Proteomics—which is the analysis of the full complement of proteins produced by an organism—plays a crucial part in a variety of fields of research, including basic biological studies, pharmaceutical development, and clinical diagnostics. Separations are a key element of proteomic analyses. The traditional means of separating protein mixtures is two-dimensional gel electrophoresis, which offers very high resolution. Over the past several decades, alternative methods for protein separations based on liquid chromatography have been developed. These methods have advantages over gel-based analyses, including reduced bias against certain classes of proteins, straightforward automation, and easier coupling to mass spectrometry. However, in order to effectively manage the complexity of a proteome, the separation technique must be able to resolve a very large number of components. Multidimensional liquid chromatography (MDLC) is well-suited to this task. Chapter 1 of this dissertation introduces the theoretical framework behind MDLC. Previous work involving protein separations using comprehensive two-dimensional liquid chromatography (LC x LC), which is a form of MDLC, is also discussed.

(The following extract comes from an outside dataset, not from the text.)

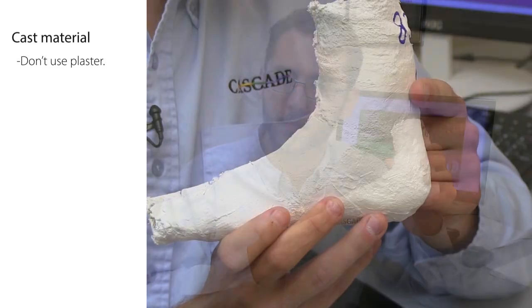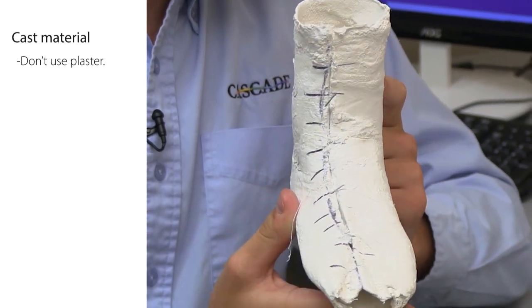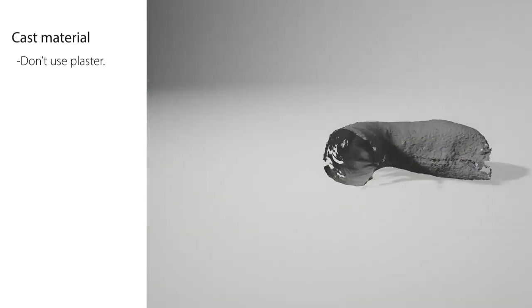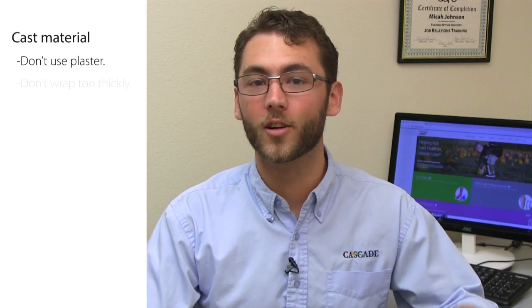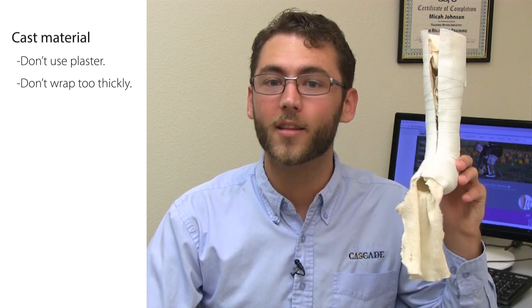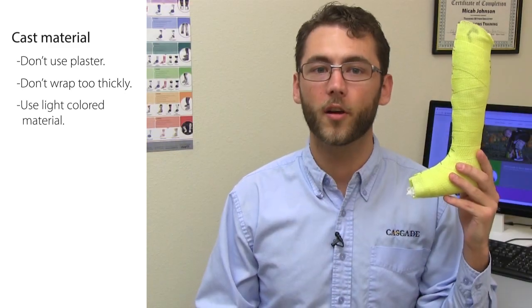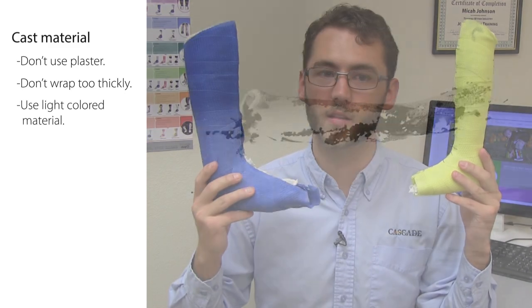When creating a cast that will be scanned, here are some particulars to keep in mind. Casting material: don't use plaster. While plaster casts capture the anatomy really well inside the cast, it's too uneven on the outside and an accurate shape won't get picked up in the scan. Any type of fiberglass tape is preferred. Regardless of material, don't wrap too thickly — this can make it hard to measure cast thickness and mask anatomy. Light colored material is best for all scanners because dark material like dark blue or black doesn't scan well.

Chapters 2 and 3 of the dissertation focus on the development of methods for intact protein separations using liquid chromatography. Several separation modes were evaluated, including size exclusion, ion exchange, and reversed phase. Two-dimensional separations of E. coli proteins were performed which use anion exchange in the first dimension and ultra-high pressure reversed-phase LC in the second dimension. Although high peak capacities were demonstrated, the technique was limited in that proteins could not be identified solely based on the intact protein molecular weight data which was obtained.

The research presented in Chapters 4 and 5 use the same intact-protein LC x LC separations, but also incorporates enzymatic digestion of proteins followed by LC-MS analysis of the resulting peptides. The resulting technique is a hybrid of “top-down” and “bottom-up” proteomics methods. It allows proteins to be identified on the basis of tandem mass spectra of peptides, but retains the information gained from intact protein MS. In Chapter 6, this technique was applied to study differential protein expression in yeast cultures grown under different conditions.